My sister and I had fun decorating and eating these cookies. Even though we may not be artistically inclined, we had a blast channelling our inner Picasso. The cookies definitely held their shape when baking, and were exactly as described; crisp and tender. Even when iced with royal icing, the cookies weren’t overwhelmingly sweet. I baked off half the batch, and am already looking forward to baking off the rest in the coming weeks.

Ultimate Sugar Cookies – slightly adapted from Bon Appétit

Makes 2-3 dozen, depending on size

  • ¾ teaspoon kosher salt
  • ½ teaspoon baking powder
  • 3 cups all-purpose flour, plus
  • more for rolling
  • 1¼ cups (2½ sticks) chilled, unsalted butter, cut into ½” pieces
  • 1 cup sugar
  • 1 large egg
  • 1 large egg yolk
  • 1 teaspoon vanilla extract
  • 2 teaspoons lemon zest (optional)


  1. Place racks in lower and upper thirds of oven; preheat to 325°. Whisk salt, baking powder, and 3 cups flour in a small bowl.
  2. Using an electric mixer on high speed, beat butter and sugar until well combined (butter does not need to be fluffy), about 3 minutes. Alternatively, you can whisk the butter and sugar with a whisk. Add egg, egg yolk, and vanilla; beat just to combine. Reduce speed to low, or switch to wooden spoon or rubber spatula, and gradually add dry ingredients; mix just to combine. Form dough into two ¾”-thick disks; wrap in plastic. Chill at least 2 hours.
  3. Let 1 disk of dough sit at room temperature until softened slightly, about 5 minutes. Roll out on a lightly floured sheet of parchment paper until about ¼” thick, dusting with flour as needed (if dough gets soft or sticky, chill on parchment until firm). Cut out shapes with floured cookie cutters; transfer to parchment-lined baking sheets. Pop your cut outs in the fridge between batches, so cookies won’t spread when baked.
  4. Bake cookies, rotating baking sheets (switch sheets from top to bottom racks, and rotate 180 degrees) halfway through, until edges are golden, 12–16 minutes, depending on size.
  5. Transfer to wire racks and let cool. Repeat with scraps and remaining dough. Decorate cooled cookies as desired.

Royal Icing – adapted from Bon Appétit

Makes about 2 cups

  • 3 1/4 cups (or more) powdered sugar, sifted
  • 2 large egg whites
  • 1 teaspoon strained fresh lemon juice
  • Assorted food colorings (optional)


  1. Using electric mixer, beat 3 1/4 cups powdered sugar and egg whites until thick and shiny, adding more powdered sugar by tablespoonfuls if mixture is too thin to spread, about 3 minutes.

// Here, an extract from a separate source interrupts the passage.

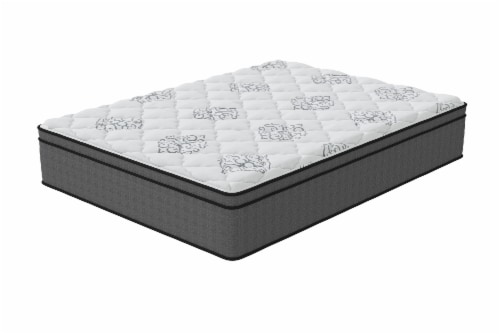 California King Size Garfield Euro Pillow Top Hybrid Mattress Perspective: front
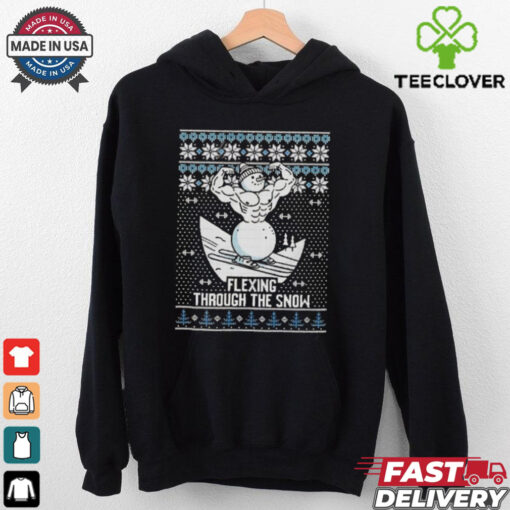 Flexing Through The Snow gym ugly christmas shirt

Add lemon juice.
  2. Divide icing into portions, if desired, and add different food coloring to each. Cover until ready to use.

Lucy’s Tips:

  • I added about two teaspoons of lemon zest to my dough, for added freshness. The taste is subtle and brightens up the cookies. It’s totally optional but if you want more of a lemon punch, add in a couple teaspoons of freshly squeezed lemon juice along with the zest.
  • When cutting the cookies out, it’s important to keep the dough cold or they’ll spread out. If you’re waiting to put in two complete trays in the oven at the same time, put your cut outs in the fridge until ready to bake. I learned this one the hard way.
  • If your dough gets too soft when rolling and cutting, pop it in the freezer for a couple of minutes for a quick chill.
  • For the icing, make sure it’s not too thin or it’ll run off your cookies.